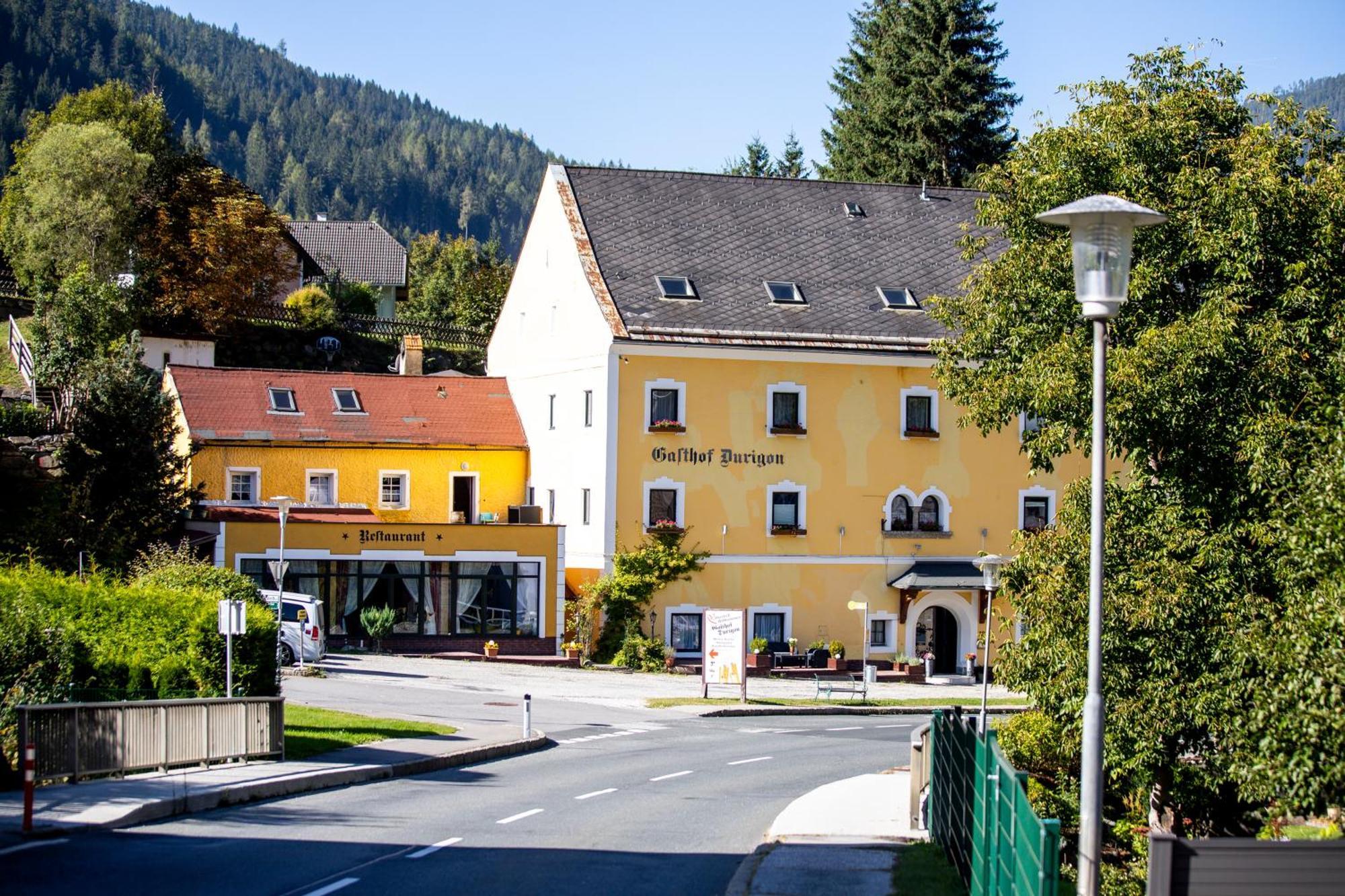 Gasthof Durigon Ramingstein Екстер'єр фото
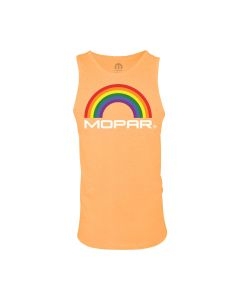 Pride Unisex Rainbow Tank Top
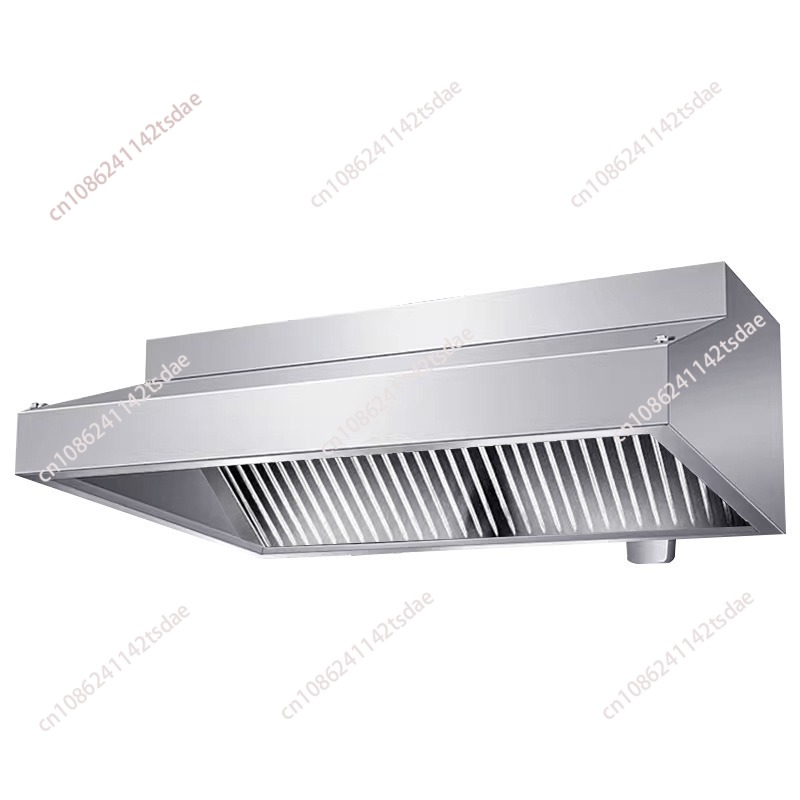 상업용 스테인리스 레인지 후드, 호텔 주방 및 시골 주 - Commercial Kitchen Exhaust Hood 리뷰 및 가격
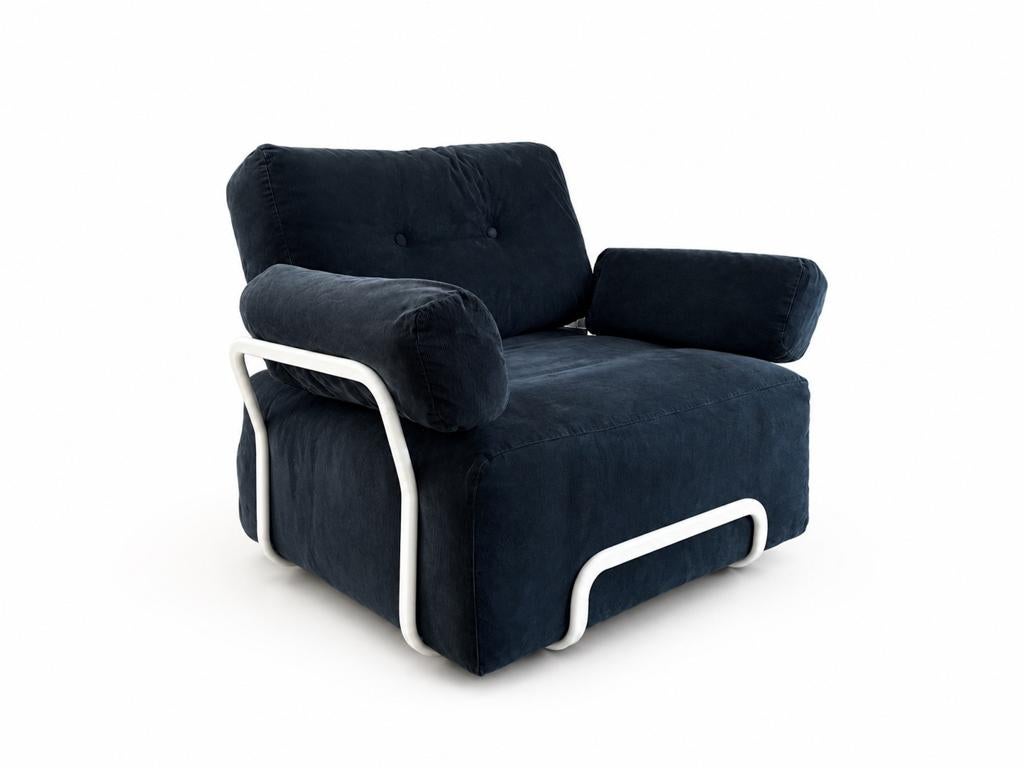 Fauteuil modulable IKEA vintage, Ophalen, 75 tot 100 cm, Zo goed als nieuw, Vintage Ikea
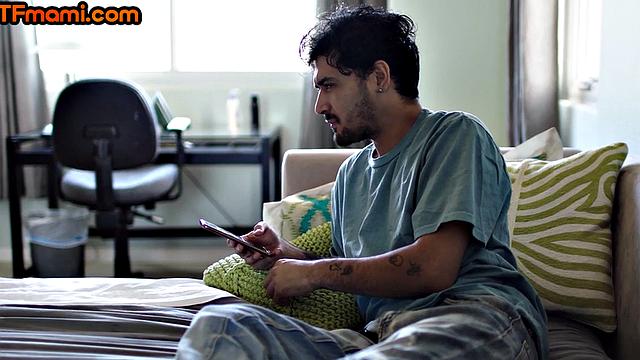 Redhead stepmommy doggystyled by stepson in tight pussy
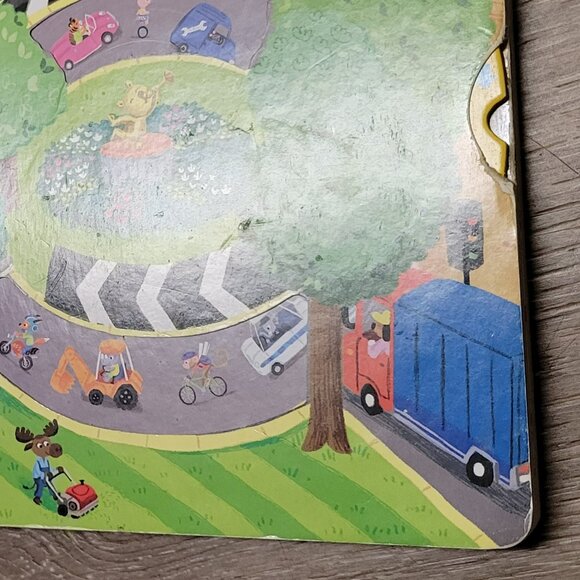 Bizzy Bear and Karen Katz Children's Books (PRE-OWNED) - Picture 9 of 16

AIM OF THE TASK:
Reproduce the lines above, exactly and exclusively, from the line containing "Fauteuil modulable IKEA" down to the last line, both included; pictures are not part of the copy.

TASK SOLUTION:
 Fauteuil modulable IKEA vintage, Ophalen, 75 tot 100 cm, Zo goed als nieuw, Vintage Ikea
 Redhead stepmommy doggystyled by stepson in tight pussy
 Bizzy Bear and Karen Katz Children's Books (PRE-OWNED) - Picture 9 of 16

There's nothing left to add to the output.